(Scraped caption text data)
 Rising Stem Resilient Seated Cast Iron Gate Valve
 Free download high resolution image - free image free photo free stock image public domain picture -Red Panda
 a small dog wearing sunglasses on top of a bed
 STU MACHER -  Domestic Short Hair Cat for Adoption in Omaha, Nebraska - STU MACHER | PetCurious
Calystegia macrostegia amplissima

==

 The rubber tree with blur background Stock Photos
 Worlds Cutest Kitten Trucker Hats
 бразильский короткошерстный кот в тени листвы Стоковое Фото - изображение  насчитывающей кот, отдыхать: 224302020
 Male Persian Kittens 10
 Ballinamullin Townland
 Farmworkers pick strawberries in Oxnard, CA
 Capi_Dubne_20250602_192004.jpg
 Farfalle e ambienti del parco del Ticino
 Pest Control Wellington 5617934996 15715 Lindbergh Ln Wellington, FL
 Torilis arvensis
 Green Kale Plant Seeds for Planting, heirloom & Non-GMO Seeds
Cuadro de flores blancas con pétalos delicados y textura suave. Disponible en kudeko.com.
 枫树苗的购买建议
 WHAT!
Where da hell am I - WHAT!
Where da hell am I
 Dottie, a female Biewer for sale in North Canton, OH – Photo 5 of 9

---

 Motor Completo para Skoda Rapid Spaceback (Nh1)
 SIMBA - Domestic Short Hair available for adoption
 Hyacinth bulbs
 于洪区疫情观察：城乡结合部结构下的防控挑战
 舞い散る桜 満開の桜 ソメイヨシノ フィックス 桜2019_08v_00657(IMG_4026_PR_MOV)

» Aim of the exercise: Each line above that holds the string "Domestic" should be copied and shown.

» Solved exercise:
 STU MACHER -  Domestic Short Hair Cat for Adoption in Omaha, Nebraska - STU MACHER | PetCurious
 SIMBA - Domestic Short Hair available for adoption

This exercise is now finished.